William G. Chadwick of Chadwick Associates’ report came out in November 2012 and noted that Solomon did not talk extensively to his investigators.
Her attorney, Samuel C. Stretton, said at the time that Solomon did not commit any misconduct and that she only began serving on the court in 2012.
In January, federal prosecutors indicted nine current and former traffic court judges for their alleged roles in the ticket-fixing scheme. Prosecutors said the ticket-fixing involved giving special consideration to judges’ friends or other social acquaintances or to friends or social acquaintances of certain politicians.
Solomon was not charged. As of mid-March, three of the judges who were charged have pled guilty.
Judge Gary S. Glazer, who was brought in by the Supreme Court to oversee the Traffic Court in 2011, said he gave the order to Solomon but did not discuss the substance of it with her.
“We respect the Supreme Court process and are hopeful that this matter will be resolved in an appropriate” manner, Glazer said.
Stretton said in an interview Thursday that the two cases cited by the court in its order — In re Avellino and In re McFalls — deal with judges refusing assignment changes issued by their administrative judges.

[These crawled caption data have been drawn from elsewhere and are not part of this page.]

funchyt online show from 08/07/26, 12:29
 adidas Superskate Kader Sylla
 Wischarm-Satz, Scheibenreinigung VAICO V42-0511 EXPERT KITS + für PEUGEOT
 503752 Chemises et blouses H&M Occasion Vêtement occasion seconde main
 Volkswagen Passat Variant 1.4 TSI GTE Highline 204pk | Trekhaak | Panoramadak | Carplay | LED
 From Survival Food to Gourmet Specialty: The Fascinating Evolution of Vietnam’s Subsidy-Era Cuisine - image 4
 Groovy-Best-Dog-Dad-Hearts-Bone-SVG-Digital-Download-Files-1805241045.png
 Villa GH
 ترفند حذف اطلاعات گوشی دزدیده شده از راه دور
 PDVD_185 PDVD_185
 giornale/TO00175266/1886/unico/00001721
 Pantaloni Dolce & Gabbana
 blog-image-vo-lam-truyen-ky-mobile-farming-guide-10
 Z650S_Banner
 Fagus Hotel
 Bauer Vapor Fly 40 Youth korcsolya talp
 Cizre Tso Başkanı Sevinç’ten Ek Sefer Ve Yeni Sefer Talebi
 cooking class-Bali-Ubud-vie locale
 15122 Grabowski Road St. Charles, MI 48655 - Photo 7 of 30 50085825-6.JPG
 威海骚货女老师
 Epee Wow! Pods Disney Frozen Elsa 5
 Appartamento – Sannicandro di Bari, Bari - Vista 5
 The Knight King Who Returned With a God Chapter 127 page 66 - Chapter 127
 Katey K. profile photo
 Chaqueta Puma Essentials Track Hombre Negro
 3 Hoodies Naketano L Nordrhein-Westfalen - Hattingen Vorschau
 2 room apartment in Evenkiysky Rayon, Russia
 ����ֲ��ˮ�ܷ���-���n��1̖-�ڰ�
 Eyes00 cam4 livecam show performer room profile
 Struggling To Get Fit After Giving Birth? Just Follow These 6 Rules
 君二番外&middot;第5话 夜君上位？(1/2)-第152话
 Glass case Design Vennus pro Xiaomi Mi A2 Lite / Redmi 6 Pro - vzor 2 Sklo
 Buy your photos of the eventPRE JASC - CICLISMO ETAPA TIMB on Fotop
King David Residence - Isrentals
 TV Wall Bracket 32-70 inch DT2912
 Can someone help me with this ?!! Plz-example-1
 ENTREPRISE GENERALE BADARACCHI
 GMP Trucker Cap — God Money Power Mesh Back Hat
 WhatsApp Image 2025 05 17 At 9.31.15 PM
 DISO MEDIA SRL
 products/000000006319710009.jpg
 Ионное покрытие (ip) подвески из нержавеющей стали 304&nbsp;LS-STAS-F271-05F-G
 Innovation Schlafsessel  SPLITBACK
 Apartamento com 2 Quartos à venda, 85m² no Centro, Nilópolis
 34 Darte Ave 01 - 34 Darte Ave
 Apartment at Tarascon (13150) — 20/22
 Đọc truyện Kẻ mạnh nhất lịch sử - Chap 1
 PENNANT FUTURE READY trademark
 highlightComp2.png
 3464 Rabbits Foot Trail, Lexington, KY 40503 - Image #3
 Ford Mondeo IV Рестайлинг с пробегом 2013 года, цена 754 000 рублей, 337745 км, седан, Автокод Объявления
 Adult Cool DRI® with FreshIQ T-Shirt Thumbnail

He said they don’t apply to Solomon’s situation. Stretton said he isn’t aware of exactly how the court feels Solomon did not cooperate, but he said he isn’t sure that she has an obligation to answer questions related to a criminal investigation.
“By doing it in this fashion, they sort of erode judicial independence,” Stretton said of the court’s order. “These are elected judges. They’re not hired hands.”
Stretton said judges have to comply with administrative orders from their supervising judges. Going beyond basic administration, however, gets into a murky area of what judges are expected to do or not do as part of their duties, he said.
Stretton is a columnist for The Legal.
According to the Chadwick Associates’ report, Solomon was one of three judges who did not cooperate with their internal review.
Chadwick Associates said it wanted to interview Solomon because her son, Matthew Solomon, had been acquitted 29 times in 38 traffic charges from 1998 to 2011, and because she had interacted with Traffic Court as a ward leader.
During the first two interviews, Christine Solomon denied having any knowledge that special consideration was given to the politically connected or other acquaintances of judges, the report said.
During the second interview, according to the report, Glazer attended the interview and told Solomon that her claim that she never requested special consideration was not credible “and that as a judicial officer she has a responsibility to be truthful and fully forthcoming.” Solomon asserted that she was not feeling well and declined to be interviewed that day.
During a third interview, according to the report, Solomon admitted having knowledge about such special consideration, including by sitting Traffic Court judges. But according to Chadwick Associates, Solomon then refused to provide any further information because she did not want to incriminate other people and because she was not a target of the federal investigation.
As recently as September 2012, a ward leader called Traffic Court and asked to be transferred to Solomon because he wanted to tell Solomon that a friend of his had a case listed before her the next day and to let her know that he would be coming down, according to the report.
According to the report, when the ward leader called back to make sure his message had been delivered to Solomon and was told that it instead had been transferred to Glazer, the ward leader asked: “How does that help me?”